Koretz’ and Barnette’s proposal is, in reality, an end-run to create quasi-animal shelters for “foster” or feral cats all over the city. As written, it is not in the best interest of pets who may be taken in by someone who -- albeit well-meaning -- cannot afford the basic expenses and veterinary care for this many animals. It is also not fair to the public for whom living next door to five cats or more (which may escape or be intentionally left outdoors) can become a problem.
Ms. Barnette assures the City Council that increasing the number of cats will not result in hoarding. She cites the affluent cities of Santa Monica and San Diego as areas where there is no cat limit; however, fails to properly evaluate their comparability to Los Angeles or report the hoarding incidents in each of those cities. She also fails to reveal that hoarding cases in LA are increasing, one recently involving 72 cats at the home of a rescuer.
She uses a boiler-plate definition of “hoarder” without citing a source, stating, “People who hoard animals are more precisely described as having a ‘hoarding disorder.’ This is a pattern of behavior that is characterized by the excessive acquisition of and inability or unwillingness to discard large quantities of objects or live animals.”
Her statement casts an interesting light on comments by Councilman Paul Koretz, who has made continual efforts to massively increase allowed numbers of animals since his election, including five dogs and five cats plus unlimited puppies and kittens per property in 2010; and, later, unlimited adult animals in “rescue” pet shops in C-2 zones. He has been constrained by very vocal opposition from homeowners’ associations and neighborhood groups, as well as Superior Court Judge Joanne O’Donnell.
Since 2013 Koretz has tried to pass an earlier version of the current proposal as a method to move up to 20 stray/feral shelter cats per household inside residences, apartments, or condos. These cats could also be kept in outdoor cages called “clowders” (kennels) throughout the city in violation of LA Municipal Code and eliminating surrounding property owners’ rights to oppose.
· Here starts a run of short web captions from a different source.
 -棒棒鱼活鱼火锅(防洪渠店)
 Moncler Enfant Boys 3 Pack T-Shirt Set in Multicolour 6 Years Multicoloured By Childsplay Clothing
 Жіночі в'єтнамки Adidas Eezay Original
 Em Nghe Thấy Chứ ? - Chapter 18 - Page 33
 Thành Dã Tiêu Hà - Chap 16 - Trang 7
Here’s what Mary Plummer of KPCC reported on August 11, 2013, after interviewing Councilman Koretz:
“Koretz owns two cats, which his family rescued. As a child, Koretz at one point owned 19 cats, which his parents gave to a shelter. He believes the animals were likely euthanized, and says some of the motivation from his current work comes from that memory.”
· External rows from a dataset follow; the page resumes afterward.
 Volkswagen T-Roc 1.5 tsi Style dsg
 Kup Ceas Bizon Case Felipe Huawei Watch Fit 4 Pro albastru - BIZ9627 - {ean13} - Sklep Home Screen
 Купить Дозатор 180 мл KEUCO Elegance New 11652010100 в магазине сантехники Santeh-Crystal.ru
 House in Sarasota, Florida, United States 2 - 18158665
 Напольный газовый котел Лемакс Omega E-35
Could there be any correlation between the painful childhood loss of 19 cats and Koretz’ efforts to allow 20 cats (per household) to be “saved” from animal shelters?
Regardless of Koretz’ motivation, LAAS received a total 2015-16 budget of $43,950,107 as a public safety agency. (CAO’s Animal Services Budget of $23,055,166, plus $20,894,941 for “Related and Indirect Costs”) and taxpayers of this city deserve solutions, not emotion-based legislation or wishful thinking.
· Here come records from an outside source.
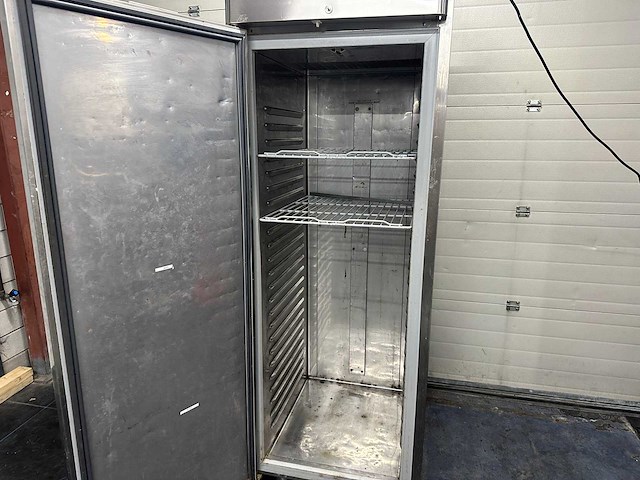 Desmon gold line gm7 koelkast - afbeelding 2 van  4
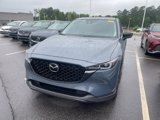 Used 2024 MAZDA CX-5 Carbon Edition image 2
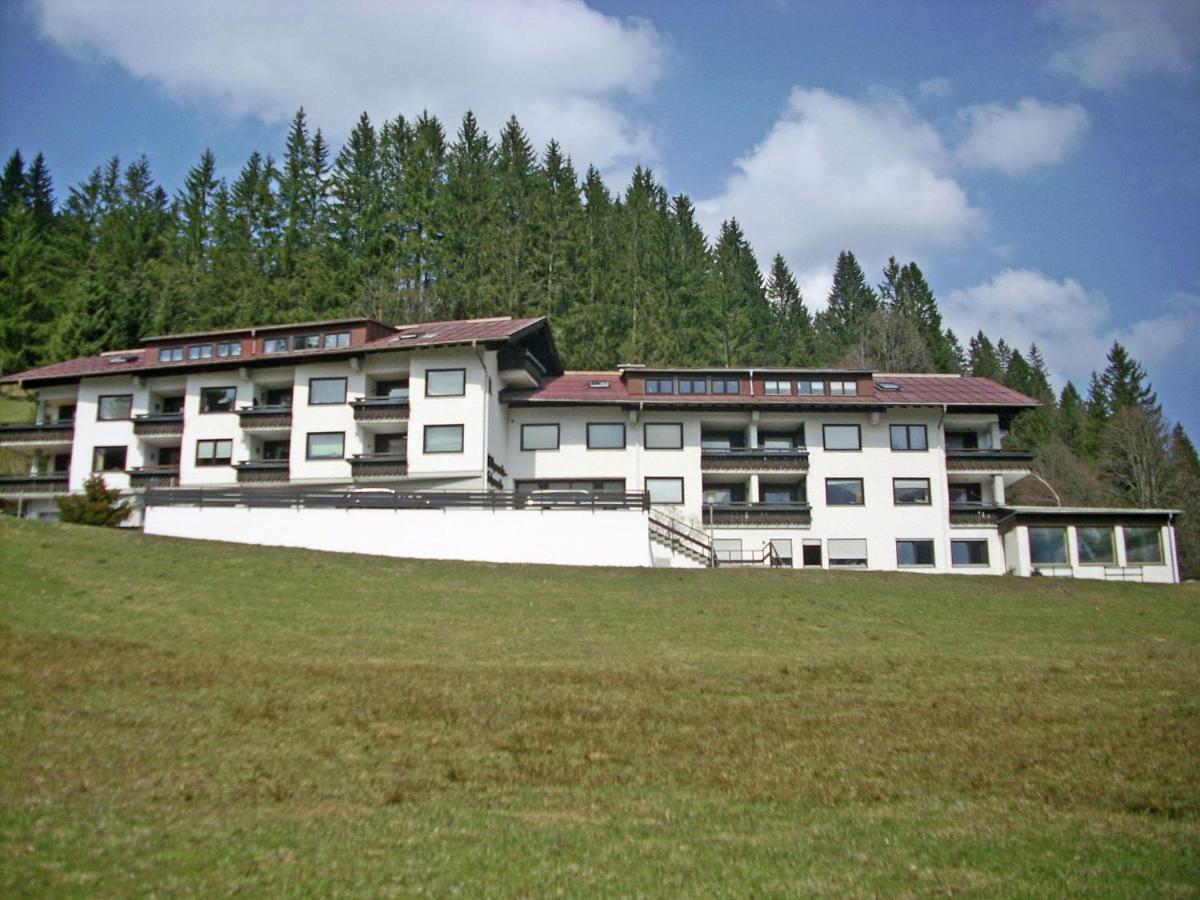 Quaint Apartment With Sauna In Riezlern Exterior foto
If the city passes Barnette and Koretz’ proposed increase, it cannot discriminate against anyone who decides to obtain five cats, nor can neighbors demand that the number be reduced.
We cannot risk having unwanted animals possibly becoming victims of improper care or a further problem to the community merely to make shelter stats look better and justify Councilman Koretz’ involvement in hiring Barnette as GM of LA Animal Services.
Barnette earns an annual salary of $220,000, plus benefits. It is time she addresses the multiple causes of irresponsible cat ownership and is not allowed to just triage a growing problem. Let’s hope someone on the City Council has the courage to stand up and demand microchipping, licensing, and indoor confinement as real protection for these animals.
(Phyllis M. Daugherty is a contributing writer to opposingviews.com, and an animal activist. She lives in Los Angeles.)